Cascading spatio-temporal pattern discovery
Date of Submission:
May 2, 2011
Given a collection of Boolean spatio-temporal (ST) event-types, the cascading spatio-temporal pattern (CSTP) discovery process finds partially ordered subsets of these event-types whose instances are located together and occur serially. For example, analysis of crime datasets may reveal frequent occurrence of misdemeanors and drunk driving after and near bar closings on weekends, as well as after and near large gatherings such as football games. Discovering CSTPs from ST datasets is important for application domains such as public safety (e.g. identifying crime attractors and generators) and natural disaster planning(e.g. preparing for hurricanes). However, CSTP discovery presents multiple challenges; three important ones are (1) the exponential cardinality of candidate patterns with respect to the number of event types, (2) computationally complex ST neighborhood enumeration required to evaluate the interest measure and (3) the difficulty of balancing computational complexity and statistical interpretation.
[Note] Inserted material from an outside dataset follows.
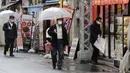 Warga memakai masker untuk melindungi dari penyebaran virus corona berjalan di jalan yang dipenuhi bar dan restoran di Tokyo (8/3/2021). Pemerintah Jepang memperpanjang keadaan darurat di wilayah Tokyo hingga 21 Maret karena sistem medis masih disaring oleh pasien COVID-19. (AP Photo/Koji Sasahara)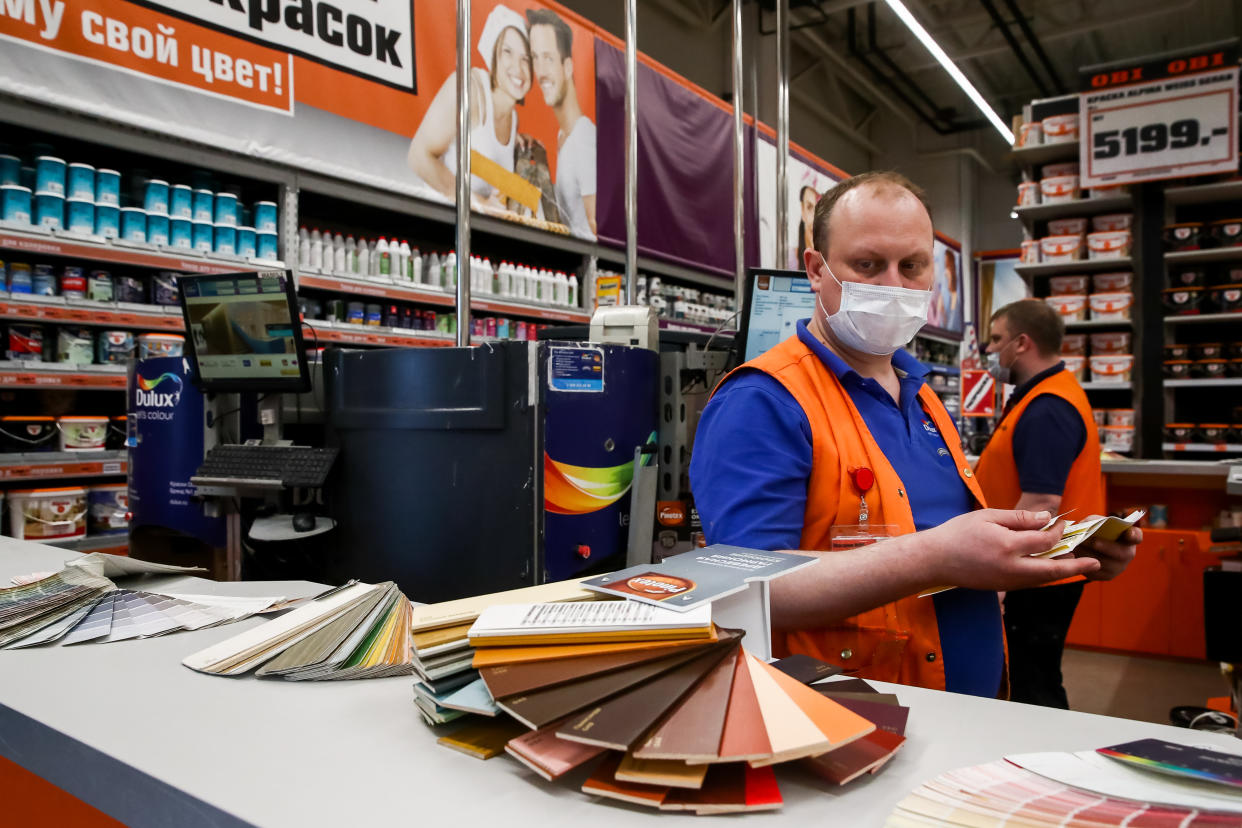 MOSCOW, RUSSIA - MARCH 25, 2020: Workers in face masks in an OBI hypermarket during the pandemic of the novel coronavirus (COVID-19). As of 25 March 2020, Russia has confirmed more than 600 cases of the novel coronavirus, with more than 400 cases in Moscow. Sergei Fadeichev/TASS (Photo by Sergei Fadeichev\TASS via Getty Images)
Current approaches for ST data mining focus on mining totally ordered sequences or unordered subsets. In contrast, our recent work explores partially ordered patterns. Recently, we represented CSTPs as directed acyclic graphs; proposed a new interest measure, the cascade participation index; outlined the general structure of a cascading spatio-temporal pattern miner (CSTPM); evaluated filtering strategies to enhance computational savings using a real world crime dataset and proposed a nested loop based CSTPM to address the challenge posed by exponential cardinality of candidate patterns. This paper adds to our recent work by offering a new computational insight, namely, that the computational bottleneck for CSTP discovery lies in the interest measure evaluation. With this insight, we propose a new CSTPM based on spatio-temporal partitioning that significantly lowers the cost of interest measure evaluation. Analytical evaluation shows that our new CSTPM is correct and complete. Results from significant amount of new experimental evaluation with both synthetic and real data show that our new ST partitioning based CSTPM outperforms the CSTPM from our previous work. We also present a case study that verifies the applicability of CSTP discovery process.